With the phenomenal interest in the trilogy and the recently released film the question can be posed what this interest tells us about sadomasochistic impulses and fantasies and what they reveal about the human psyche.
What is the underlying meaning of sadism? This is a very complex question and the following discussion touches on some of the factors that can play a role.

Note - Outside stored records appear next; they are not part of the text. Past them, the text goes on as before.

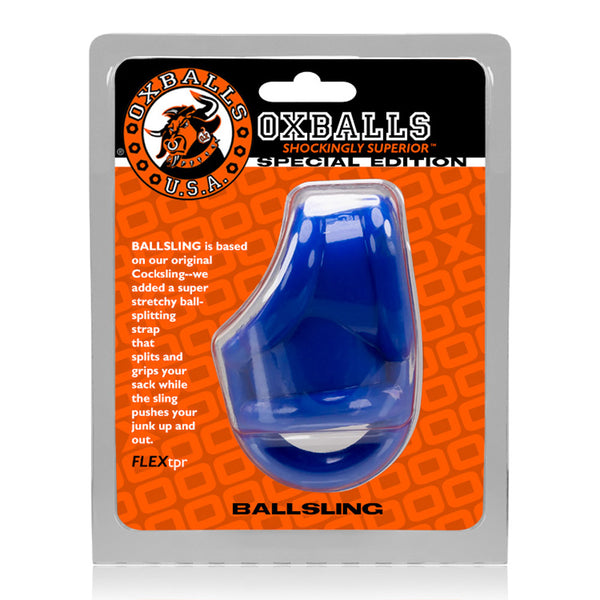 Oxballs Ballsling Cocksling with Splitter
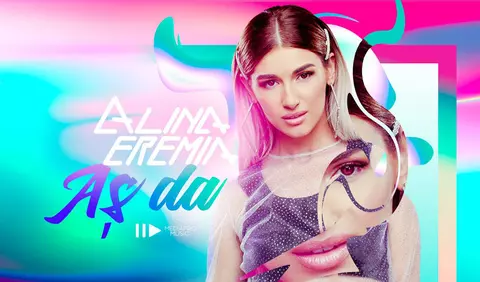 Alina Eremia îi declară dragostea iubitului ei prin noul său single, „Aș da”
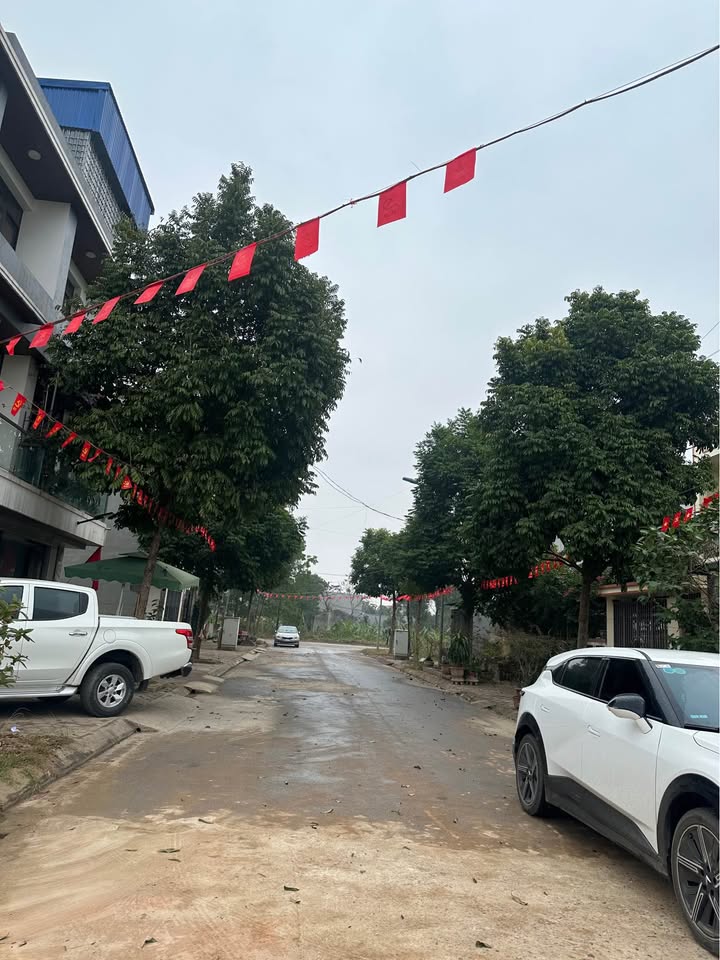 Đất nền Khu đô thị Kosy Thái Nguyên 75m² chỉ 1 tỷ - Tiềm năng tăng giá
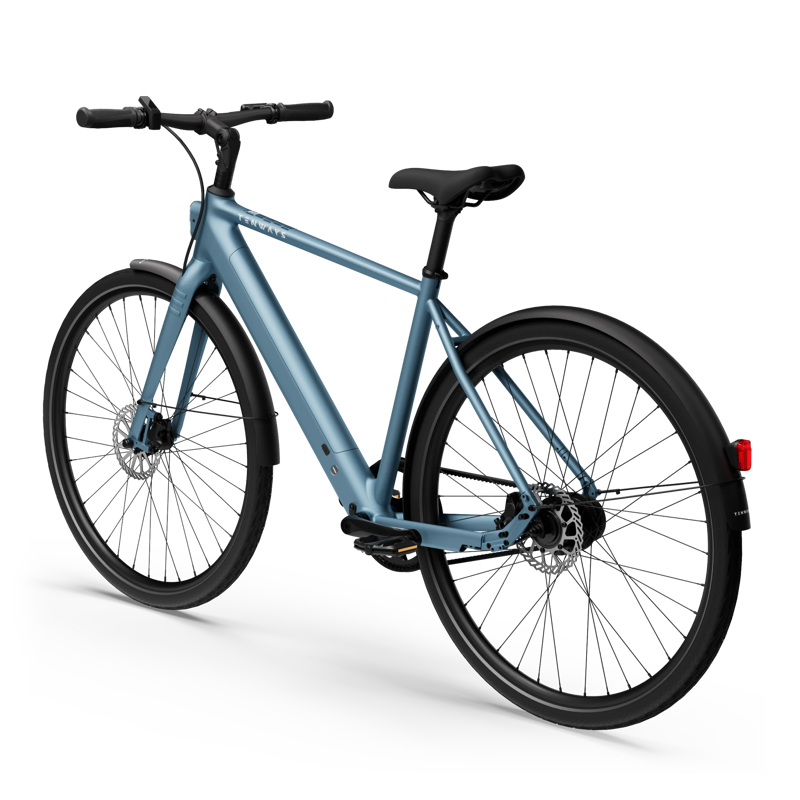 Tenways CGO600 Pro - Belt Drive - Sky Blue-2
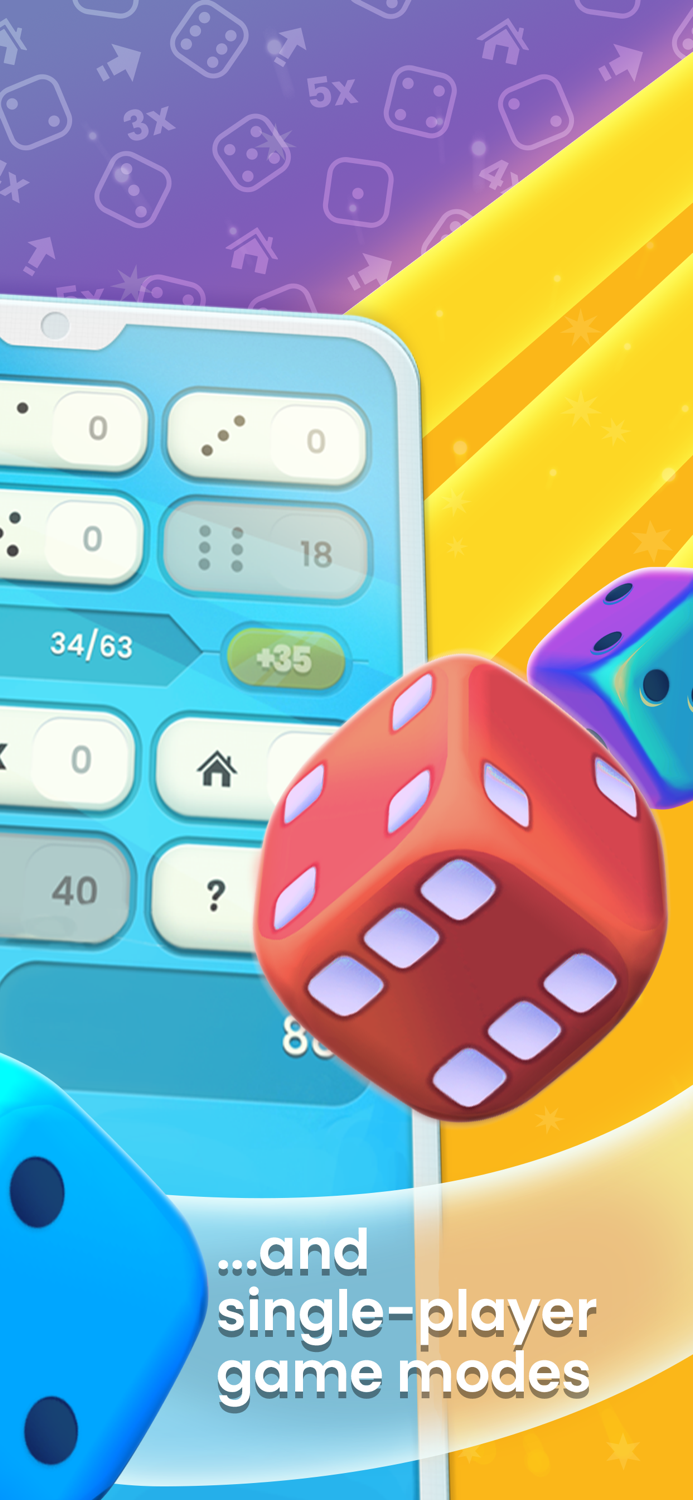 Golden Roll The Dice Game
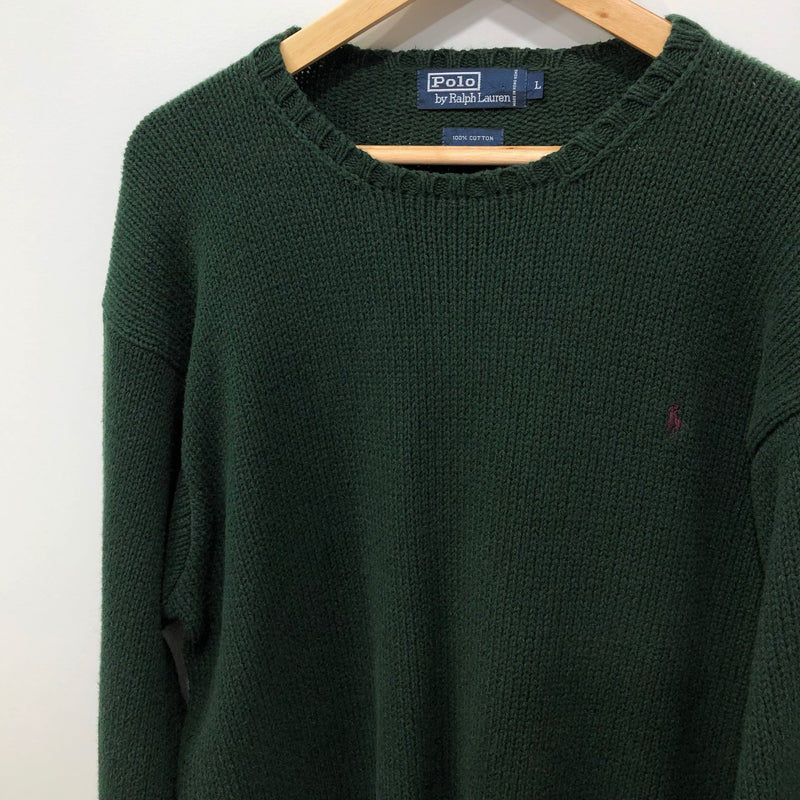 Polo Ralph Lauren Knit Sweater (L/BIG)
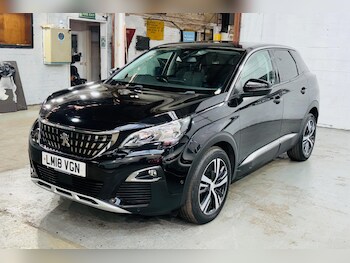 Used Peugeot 3008 2018 for sale - 78573546: Photo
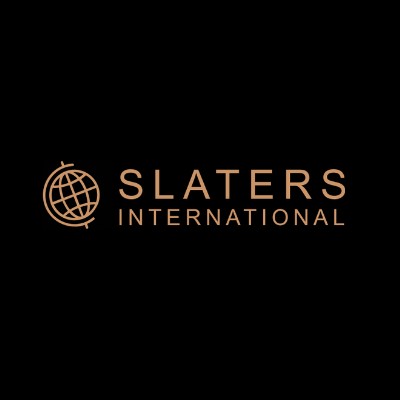 Logo of Slaters International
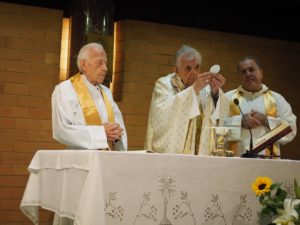Mons. Diego Bona - ex-Vescovo di Porto e Santa Rufina (1985 - 1994)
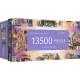 PUZZLE 13500 UFT CITIES BEYOND THE CLOUDS 81030 Outlet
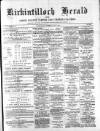 Kirkintilloch Herald Wednesday 01 July 1896 Page 1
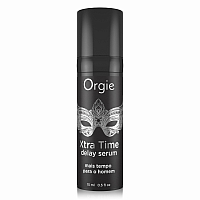 Пролонгирующая сыворотка Orgie Xtra Time Delay Serum, 15 мл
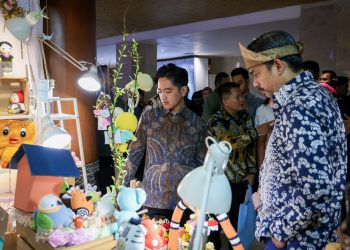 Anniversary ke-25 Tahun, INACRAFT 2025 Resmi Dibuka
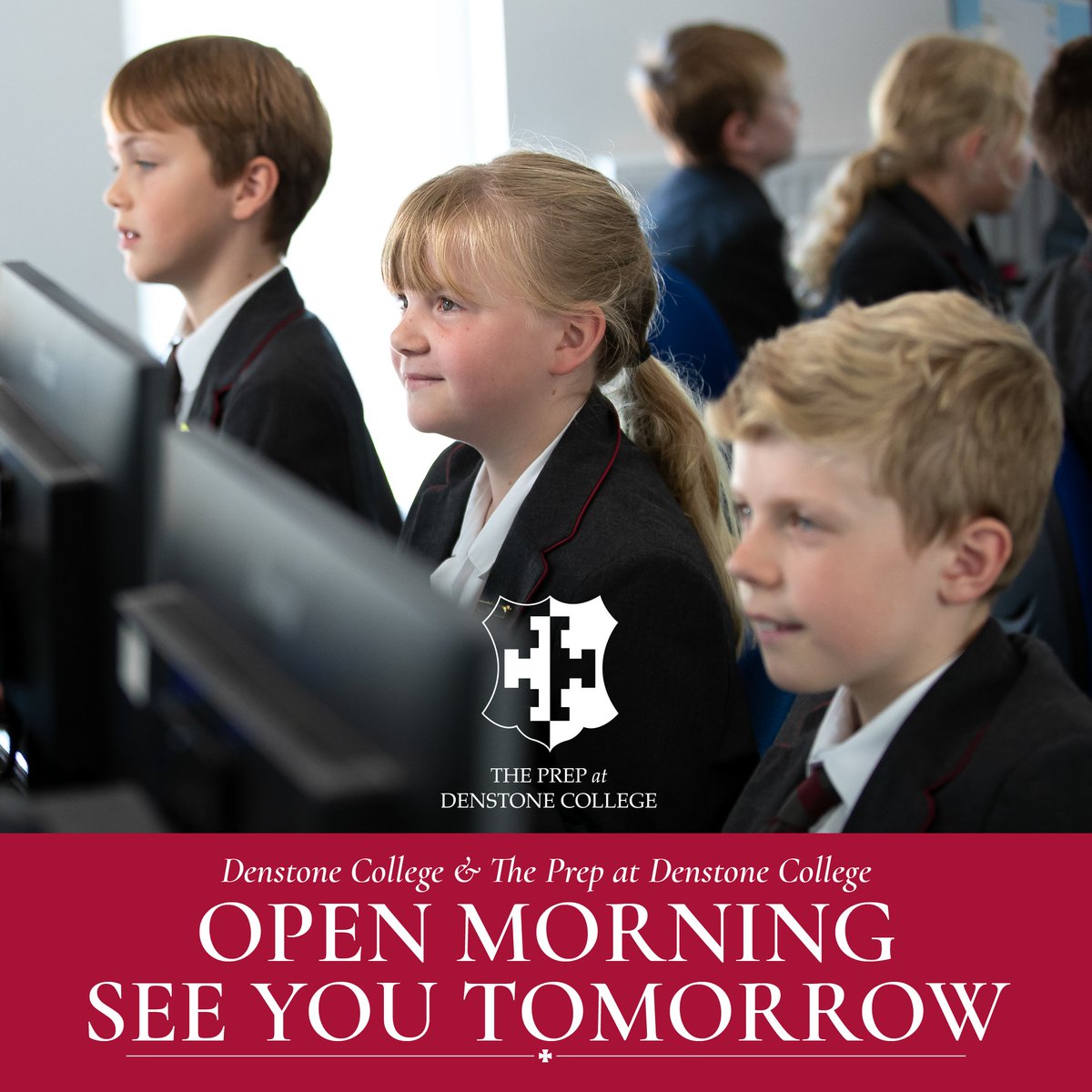 The Prep at Denstone College tweet media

From a psychoanalytic perspective sadism can firstly be seen as a reassurance against anxiety and vulnerability. If I can do to another what I fears he/she can do to me I do not have to feel afraid and helpless. If a person can feel powerful that will decrease anxiety. What the person fears can be done to him he now does to another human being. Before sexuality can be enjoyed the person needs to feel sure that he is powerful and not under threat. An exhibitionist or the person who shows pornography to children enjoys the powerlessness of the victim because it means that I do not have to be afraid of him/her. This makes pleasure possible that otherwise would have been blocked by fear. In this way the sadist gets rid of fear by evoking it in others.
If there is an underlying fear of being castrated (inferior, robbed of strength). This fear can be dealt with by believing that I am the castrator and not the person being castrated. These acts of symbolic castration are often playful. The playful nature of the pain and control inflicted functions to further alleviates fears and created the idea that the terrible things that I fear (eg castration, vulnerability )are not really so terrible – it is only a game. I don’t have to feel so scared.
There is skin sadism (the skin is a source of sexual pleasure in beating), anal sadism, phallic sadism (particularly concerned about feeling powerful) and oral sadism (eg biting).
A second factor that can play a role in such relationships where there is extreme submissiveness is the illusion of unity between the two people. If someone is completely submissive and dependent on me it creates the illusion of unity and alleviates the fear of abandonment. If we are one you cannot leave me, you are part of me, you are completely dependent on my whims and needs.
Masochism is an interesting phenomenon, particularly because we know that humans tend to seek pleasure and not pain. But, with sexuality, pain can be seen as necessary before sexual pleasure can be experienced. Why? Pain can be experienced as the necessary price to pay to alleviate guilt feelings about sexuality. Masochist’s ability to experience orgasm and sexual pleasure is influenced by guilt and anxiety. Punishment can reduce the guilt of feeling that I am bad for being sexual.
Anxiety is often reduced by taking action (An example would be when you end a relationship because you fear that your partner will leave you. If you take control and leave your partner before he/she can leave you, you are in control and the pain will not be so overwhelming). The same can be true in masochism, if there is an underlying idea that you will be punished for being sexual you can take the matter in your own hands and act out a playful punishment where you are still in control of the time, manner and degree of the punishment.
If the masochist is very passive and dependent this can on some level cause the masochist to feel safe. It might feel similar to being very small and depending completely on powerful parents who will protect you. Showing extreme helplessness can be an appeal to the stronger person for mercy and protection.
The sensation of pain can be a source of sexual excitement if the pain is not to intense or to serious.